To do: Character for character, reproduce every entry below.

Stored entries

*** Begin section ***

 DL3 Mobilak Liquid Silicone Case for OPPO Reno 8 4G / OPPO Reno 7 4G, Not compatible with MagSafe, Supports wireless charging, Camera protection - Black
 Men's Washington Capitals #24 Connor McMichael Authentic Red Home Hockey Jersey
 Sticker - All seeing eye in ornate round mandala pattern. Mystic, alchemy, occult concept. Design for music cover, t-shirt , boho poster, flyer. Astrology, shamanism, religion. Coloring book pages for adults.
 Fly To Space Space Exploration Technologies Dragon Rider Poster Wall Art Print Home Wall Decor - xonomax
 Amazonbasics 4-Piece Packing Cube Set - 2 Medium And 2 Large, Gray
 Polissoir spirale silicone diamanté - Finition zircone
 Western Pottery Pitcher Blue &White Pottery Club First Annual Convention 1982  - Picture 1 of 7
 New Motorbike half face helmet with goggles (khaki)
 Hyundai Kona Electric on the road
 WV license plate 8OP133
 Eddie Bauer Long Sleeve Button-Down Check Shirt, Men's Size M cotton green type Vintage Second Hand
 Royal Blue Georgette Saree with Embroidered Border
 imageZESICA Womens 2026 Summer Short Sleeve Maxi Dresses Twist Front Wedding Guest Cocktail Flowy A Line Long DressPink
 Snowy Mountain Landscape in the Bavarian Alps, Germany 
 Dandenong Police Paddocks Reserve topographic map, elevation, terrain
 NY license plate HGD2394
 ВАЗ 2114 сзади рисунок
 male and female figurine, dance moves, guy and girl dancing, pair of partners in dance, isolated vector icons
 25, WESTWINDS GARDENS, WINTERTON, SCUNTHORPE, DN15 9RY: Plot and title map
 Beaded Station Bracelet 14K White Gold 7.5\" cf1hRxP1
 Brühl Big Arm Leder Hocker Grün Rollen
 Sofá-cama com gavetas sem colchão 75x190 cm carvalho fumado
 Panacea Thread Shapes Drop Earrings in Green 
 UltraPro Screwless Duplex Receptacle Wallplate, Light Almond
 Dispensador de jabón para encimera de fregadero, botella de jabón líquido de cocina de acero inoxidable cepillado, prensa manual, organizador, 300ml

*** End section ***

Reply to the task:
 DL3 Mobilak Liquid Silicone Case for OPPO Reno 8 4G / OPPO Reno 7 4G, Not compatible with MagSafe, Supports wireless charging, Camera protection - Black
 Men's Washington Capitals #24 Connor McMichael Authentic Red Home Hockey Jersey
 Sticker - All seeing eye in ornate round mandala pattern. Mystic, alchemy, occult concept. Design for music cover, t-shirt , boho poster, flyer. Astrology, shamanism, religion. Coloring book pages for adults.
 Fly To Space Space Exploration Technologies Dragon Rider Poster Wall Art Print Home Wall Decor - xonomax
 Amazonbasics 4-Piece Packing Cube Set - 2 Medium And 2 Large, Gray
 Polissoir spirale silicone diamanté - Finition zircone
 Western Pottery Pitcher Blue &White Pottery Club First Annual Convention 1982  - Picture 1 of 7
 New Motorbike half face helmet with goggles (khaki)
 Hyundai Kona Electric on the road
 WV license plate 8OP133
 Eddie Bauer Long Sleeve Button-Down Check Shirt, Men's Size M cotton green type Vintage Second Hand
 Royal Blue Georgette Saree with Embroidered Border
 imageZESICA Womens 2026 Summer Short Sleeve Maxi Dresses Twist Front Wedding Guest Cocktail Flowy A Line Long DressPink
 Snowy Mountain Landscape in the Bavarian Alps, Germany 
 Dandenong Police Paddocks Reserve topographic map, elevation, terrain
 NY license plate HGD2394
 ВАЗ 2114 сзади рисунок
 male and female figurine, dance moves, guy and girl dancing, pair of partners in dance, isolated vector icons
 25, WESTWINDS GARDENS, WINTERTON, SCUNTHORPE, DN15 9RY: Plot and title map
 Beaded Station Bracelet 14K White Gold 7.5\" cf1hRxP1
 Brühl Big Arm Leder Hocker Grün Rollen
 Sofá-cama com gavetas sem colchão 75x190 cm carvalho fumado
 Panacea Thread Shapes Drop Earrings in Green 
 UltraPro Screwless Duplex Receptacle Wallplate, Light Almond
 Dispensador de jabón para encimera de fregadero, botella de jabón líquido de cocina de acero inoxidable cepillado, prensa manual, organizador, 300ml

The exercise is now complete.